25 September 2013
Telling the country’s history in an all-encompassing way shows us that the freedom we now enjoy is not “the exclusive preserve of any one social grouping but a proud heritage of all South Africans,” Deputy President Kgalema Motlanthe said on Tuesday.
Motlanthe was addressing a Heritage Day rally at Sisa Dukashe Stadium in Mdantsane township outside East London.
The Deputy President said that South Africans marked the national holiday “with the conscious understanding that there is a great deal about our history that is bad and hurtful, yet we must accept it as part of the growing pains of the free society we set out to create in 1994; a society that is united, democratic, non-racial, non-sexist and just.”
Tuesday’s occasion also marked the 50th anniversary of the establishment of Mdantsane. Home to more than 500 000 South Africans, Mdantsane is one of the oldest townships in South Africa, and was a hotbed of political activism against apartheid.
Earlier in the day, Motlanthe unveiled an upgraded memorial and laid a wreath at the site of the Egerton Massacre. In 1983, communities from East London and Mdantsane had embarked on a boycott to protest an unannounced five cent increase in bus fares.

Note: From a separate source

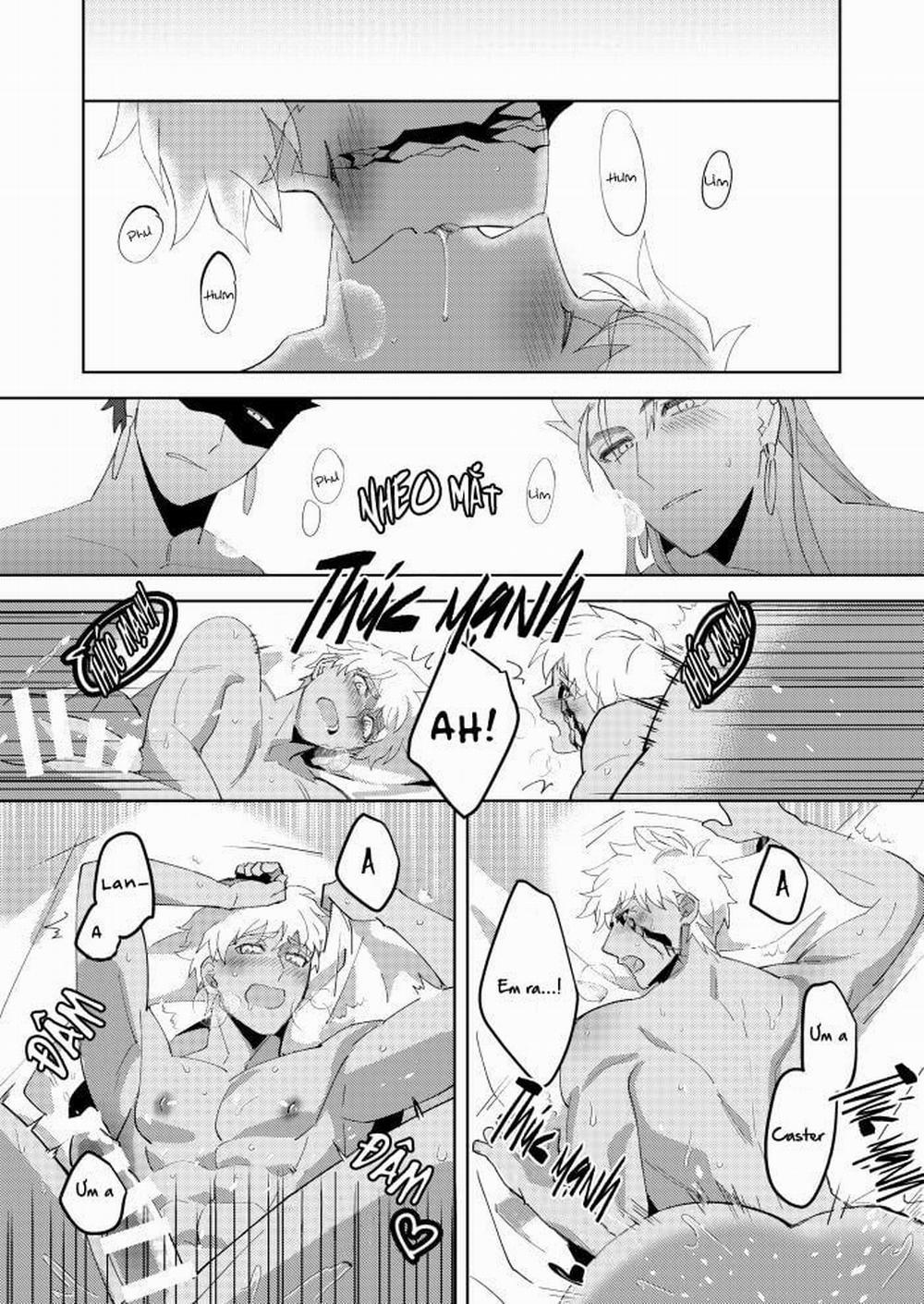 Tổng Hợp Truyện Oneshot Và Doujinshi Theo Yêu Cầu 139 trang 28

The boycott culminated on 4 August in what was later called the Egerton Massacre, which claimed 11 lives, with a further 36 commuters injured. The massacre took place at Egerton Railway Station outside Mdantsane, where police officials from the apartheid bantustan of Ciskei shot and beat residents.
Motlanthe said that the struggle for South Africa’s liberation was waged by “the broadest cross-section of the people of our country and was not just about political freedom, but also about social, cultural, psychological and economic freedom”.
Mdantsane, he said, had to be “supported with the necessary socio-economic infrastructure to realise its full reintegration into all avenues of South African life, and not continue as a reserve for the abode of the poor, the unemployed and the disenfranchised”.
The Mdantsane heritage project, like all others in South Africa, should be “inclusive of the names, languages, places, people and cultures that were manipulated and falsified to bring about divisions,” Motlanthe said.
“Unity of all South Africans is a guiding principle which should never be undermined by sectarian and parochial interests.”